**Assigned task**
Repeat only the lines below that run from the line with "Pisco SANTIAGO QUEIROLO" to the line with "DRUNK FAT FRENCH", ends included; skip every picture.

**Dataset excerpts**
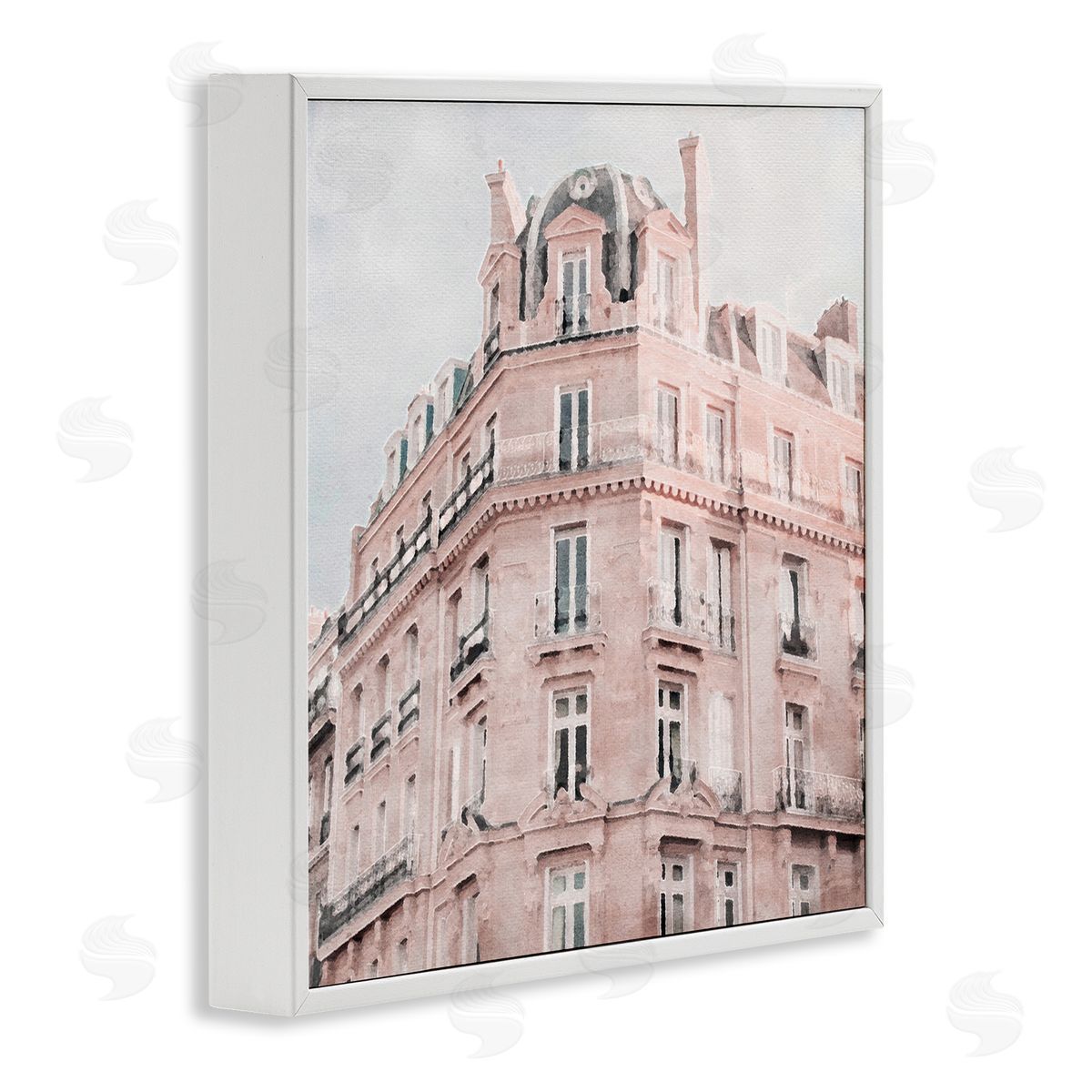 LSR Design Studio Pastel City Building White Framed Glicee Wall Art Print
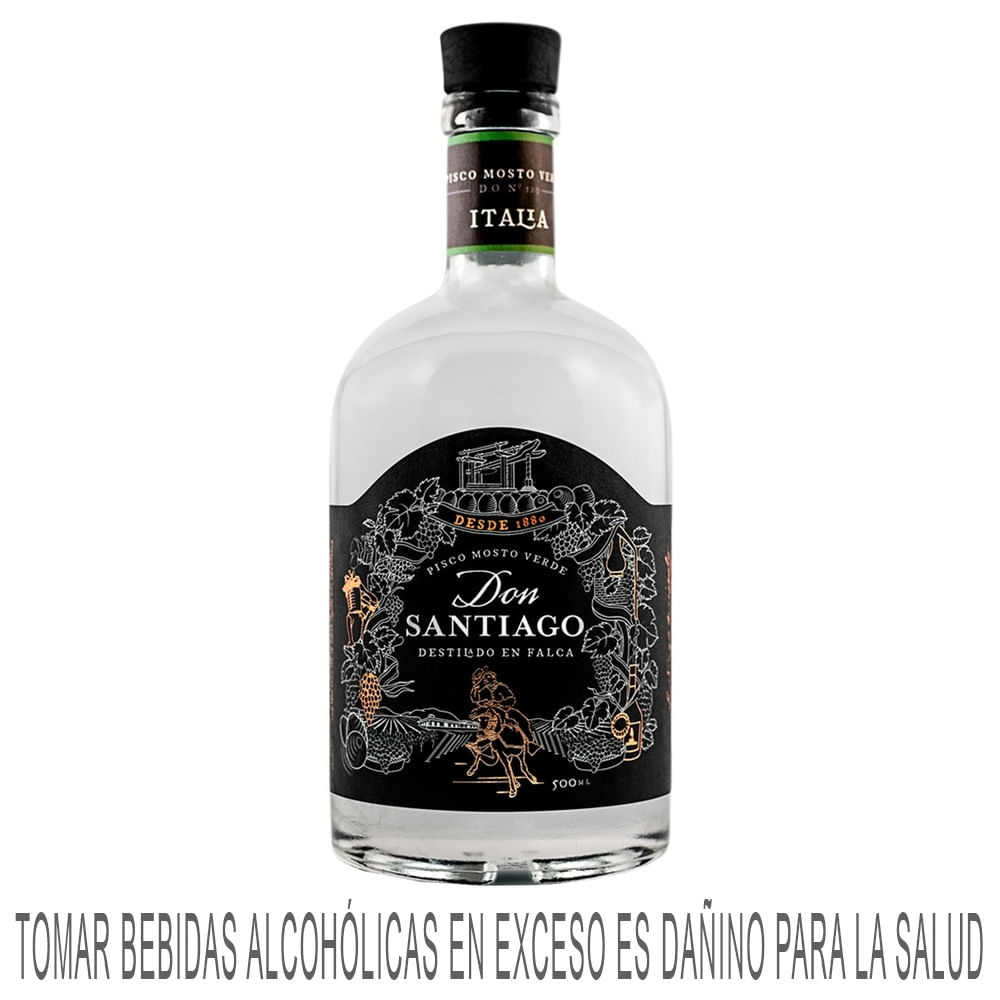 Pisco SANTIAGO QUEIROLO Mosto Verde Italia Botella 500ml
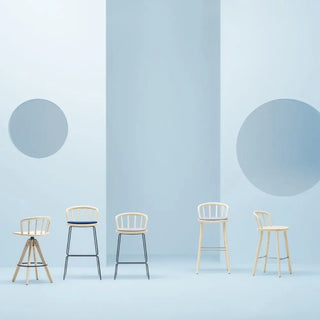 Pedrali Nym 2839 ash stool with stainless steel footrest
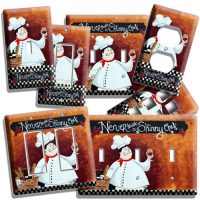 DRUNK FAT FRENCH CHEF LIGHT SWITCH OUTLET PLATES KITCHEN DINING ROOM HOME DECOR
...
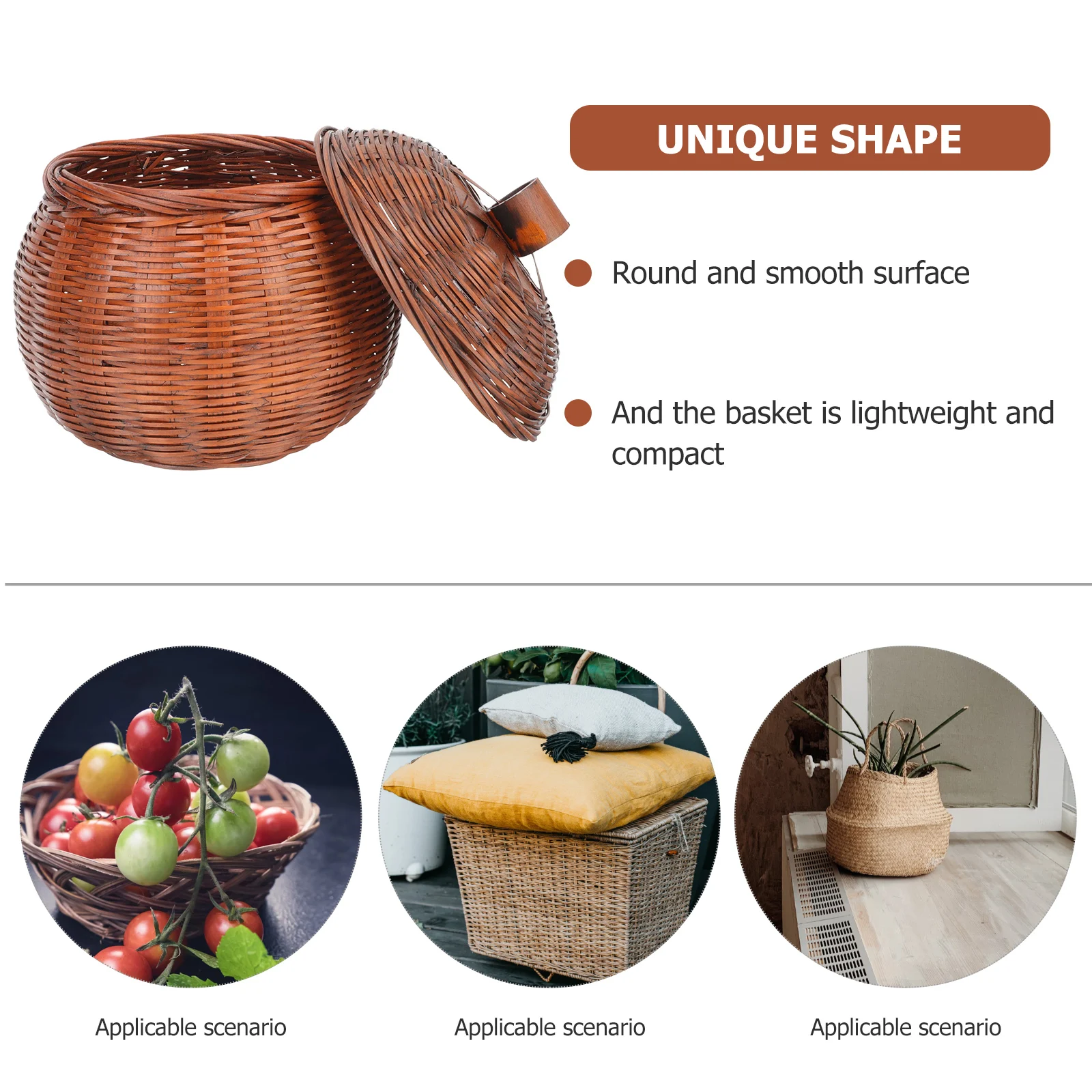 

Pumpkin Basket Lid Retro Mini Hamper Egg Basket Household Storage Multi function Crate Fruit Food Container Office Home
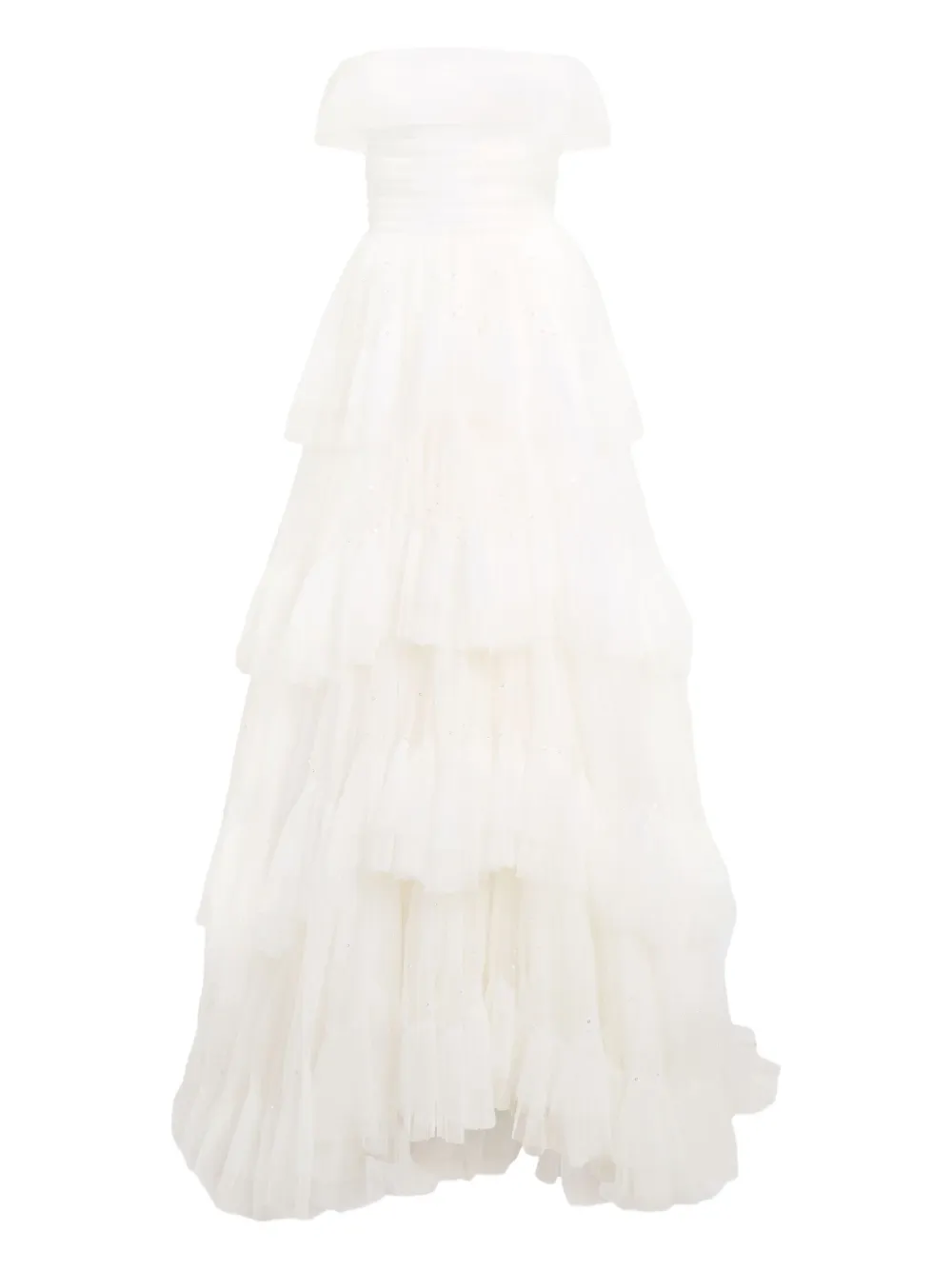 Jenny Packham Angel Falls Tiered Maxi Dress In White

**Output**
 Pisco SANTIAGO QUEIROLO Mosto Verde Italia Botella 500ml
 Pedrali Nym 2839 ash stool with stainless steel footrest
 DRUNK FAT FRENCH CHEF LIGHT SWITCH OUTLET PLATES KITCHEN DINING ROOM HOME DECOR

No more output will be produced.